Steep energy costs drove up producer prices more sharply than expected last month, but strong overseas growth and a weaker dollar helped narrow the trade deficit in June, reports on Tuesday showed.
The data comes as Wall Street debates whether the Federal Reserve will need to cut interest rates as credit terms tighten in the wake of the subprime mortgage market mess.
The Fed said last week that inflation remained its predominant concern, although it acknowledged that credit conditions had tightened for some households and businesses.
U.S. producer prices rose by a more-than-expected 0.6% in July, Labor Department data on Tuesday showed, but the gain was driven by energy costs and core inflation facing producers grew only slightly.
Economists polled by Reuters forecast producer prices -- a gauge of the prices paid at the farm and factory gate -- would rise 0.2% last month from an unrevised 0.2% fall in June.
Stripping out volatile food and energy costs, producer prices advanced 0.1%, less than the 0.2% increase forecast, following an unrevised 0.3% rise in June. On a year-on-year basis, core producer prices were up 2.3%, the largest gain since a 2.6% increase in September 2005, the Labor Department said.

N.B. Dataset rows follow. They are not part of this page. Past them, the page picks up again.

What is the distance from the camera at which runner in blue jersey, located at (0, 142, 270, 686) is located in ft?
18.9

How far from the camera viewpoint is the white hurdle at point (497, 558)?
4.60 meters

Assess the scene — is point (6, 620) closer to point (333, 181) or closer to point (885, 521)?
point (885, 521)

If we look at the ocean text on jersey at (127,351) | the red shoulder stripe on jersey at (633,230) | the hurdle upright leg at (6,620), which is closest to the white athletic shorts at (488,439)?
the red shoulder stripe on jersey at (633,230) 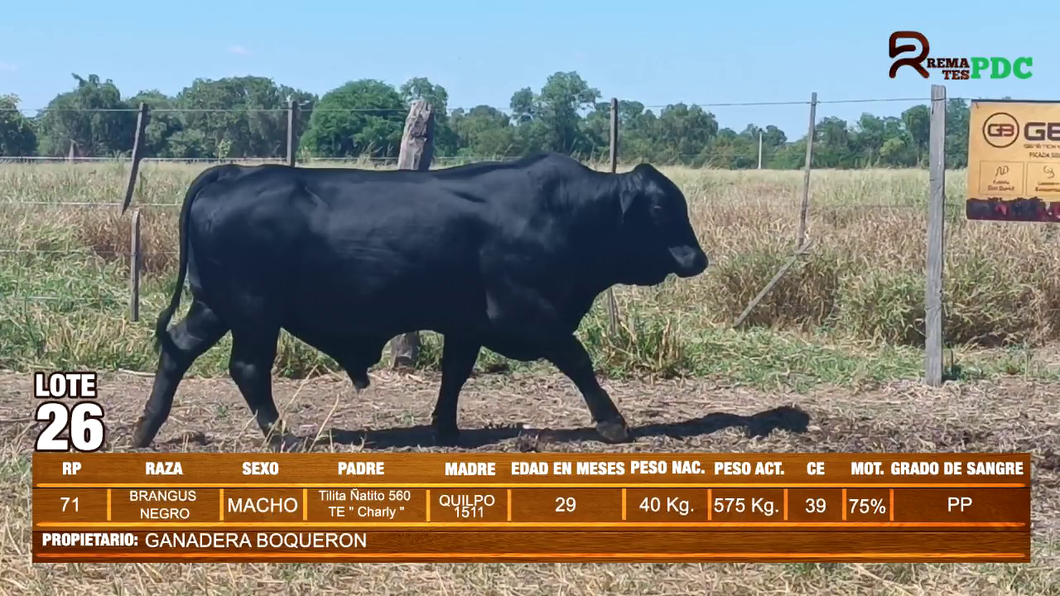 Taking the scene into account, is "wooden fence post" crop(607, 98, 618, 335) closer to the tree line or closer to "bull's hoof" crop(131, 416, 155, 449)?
the tree line

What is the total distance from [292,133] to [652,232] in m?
3.64

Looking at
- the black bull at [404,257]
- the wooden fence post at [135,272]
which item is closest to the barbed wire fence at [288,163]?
the wooden fence post at [135,272]

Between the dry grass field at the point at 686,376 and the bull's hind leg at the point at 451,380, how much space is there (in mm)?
168

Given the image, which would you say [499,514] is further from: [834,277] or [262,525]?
[834,277]

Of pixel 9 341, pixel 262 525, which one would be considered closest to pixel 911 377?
pixel 262 525

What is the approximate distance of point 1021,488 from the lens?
4.90 metres

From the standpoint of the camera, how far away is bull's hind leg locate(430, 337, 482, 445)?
632 cm

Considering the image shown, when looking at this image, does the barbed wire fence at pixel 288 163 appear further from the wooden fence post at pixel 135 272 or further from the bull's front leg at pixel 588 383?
the bull's front leg at pixel 588 383

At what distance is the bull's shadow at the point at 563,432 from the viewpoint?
6.52 m

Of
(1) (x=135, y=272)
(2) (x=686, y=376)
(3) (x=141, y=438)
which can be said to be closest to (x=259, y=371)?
(3) (x=141, y=438)

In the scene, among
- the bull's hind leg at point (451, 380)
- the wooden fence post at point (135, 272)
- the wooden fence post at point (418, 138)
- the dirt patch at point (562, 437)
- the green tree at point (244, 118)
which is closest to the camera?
the dirt patch at point (562, 437)

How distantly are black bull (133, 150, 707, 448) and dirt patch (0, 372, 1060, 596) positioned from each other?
0.47m

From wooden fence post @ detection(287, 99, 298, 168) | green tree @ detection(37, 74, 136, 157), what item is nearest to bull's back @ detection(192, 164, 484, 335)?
wooden fence post @ detection(287, 99, 298, 168)

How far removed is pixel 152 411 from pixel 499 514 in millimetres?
2205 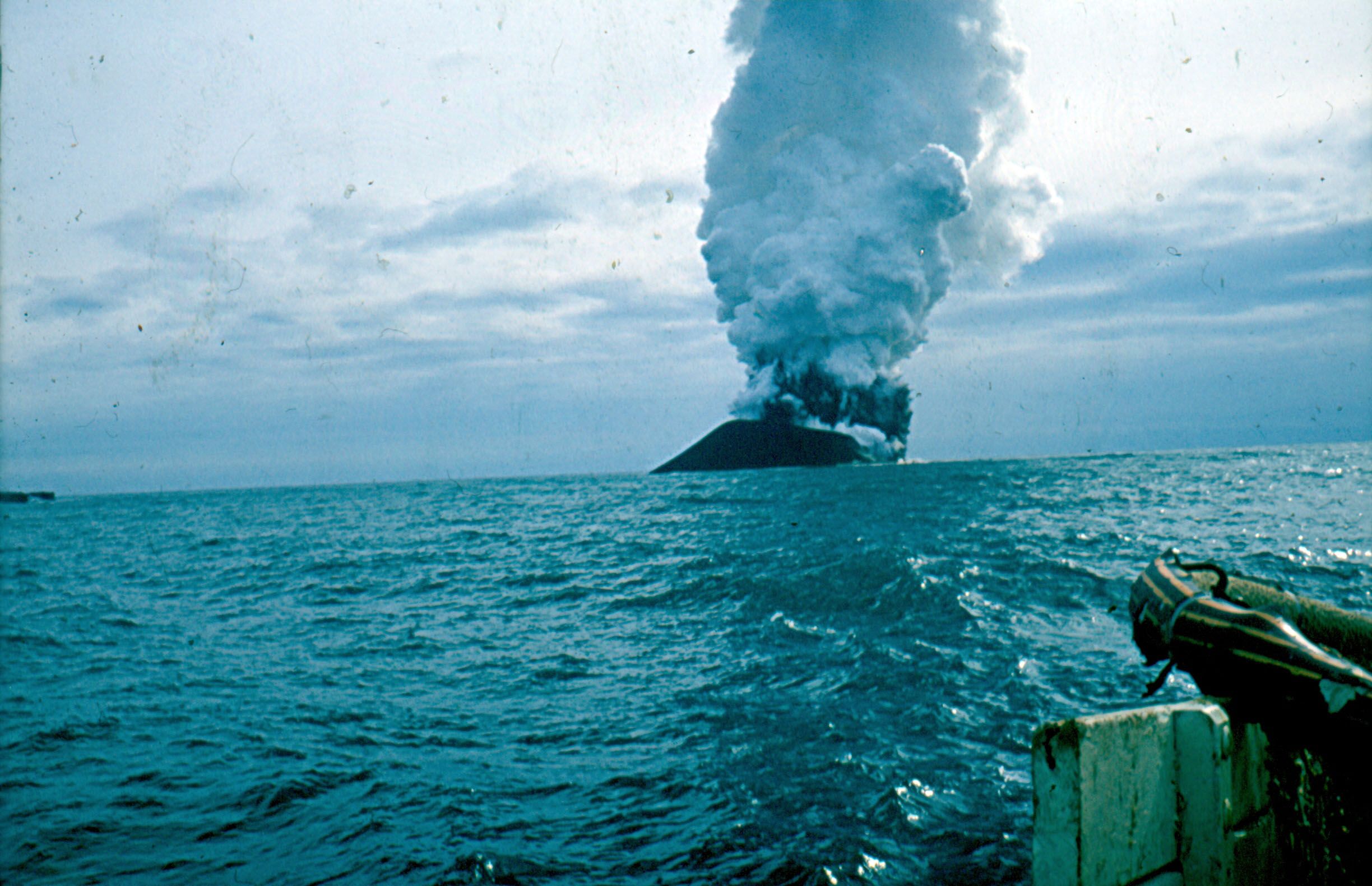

Core producer prices excluding the price of cars and light trucks were unchanged, a Labor Department official said. Gasoline prices jumped 3.2% in July.
"The market is only going to care about the core (PPI figure), which is better than expected. I don't think it does much to stocks. 0.1 is a good number and probably keeps the Fed happy with where they are now," said Robert Macintosh, chief economist at Eaton Vance Management in Boston.
Producer prices were released one day ahead of July's reading on U.S. consumer inflation, which will be watched closely by the Federal Reserve.
The U.S. central bank said last week that inflation was its predominant concern, when it held interest rates steady at 5.25%. But financial market turmoil since then sparked by fears over the availability of credit may have dimmed this threat and could dampen growth.
Trade Gap Narrows
Separately, the U.S. trade deficit unexpectedly narrowed in June as a weaker dollar and overseas growth boosted exports to a record, offsetting record imports lifted by higher oil prices and strong capital goods imports, a government report showed on Tuesday.
The June trade gap totaled $58.1 billion, down 1.7% from a downwardly revised May deficit of $59.2 billion, originally reported as $60 billion. The June deficit was the smallest since February's $57.6 billion gap and was below the median forecast of $61 billion from Wall Street analysts polled by Reuters, according to the Commerce Department data.
Overall goods and services exports rose 1.5% from May to a record $134.5 billion, led by a $1.2 billion increase in industrial supplies and materials and record exports of vehicles, auto parts and engines and of foods, feeds and beverages.
Rising U.S. exports are contributing to a narrowing of the trade gap on an annual basis and are helping to underpin domestic growth in the face of a steep housing downturn and credit market turmoil.
Markets mostly shrugged off the trade data, focusing instead on separate data showing a bigger-than-expected 0.6% rise in U.S. producer prices in July. The dollar remained steady, while U.S. Treasury debt prices edged lower and stock index futures were also off slightly.
U.S. imports rose 0.5% to $192.7 billion as the U.S. oil import bill edged higher to $19.6 billion and imports of capital goods such as computers hit a new record.
The average price for crude oil rose $1.59 a barrel to $60.95, the highest since $62.40 in September 2006. Imports from the Organization of Petroleum Exporting countries, however, decreased 4.6% to $13.9 billion.
The closely watched U.S. trade deficit with China widened 5.7% in June to $21.2 billion, despite record exports of $5.9 billion to China. Imports from China rose 6.8% or $1.7 billion to $27.1 billion, the highest since November 2006.
China last week reported that its own global trade surplus edged lower in July to $24.36 billion from a record $26.91 billion in June as rebates of value added taxes were eliminated on July 1 for 2,800 export product lines.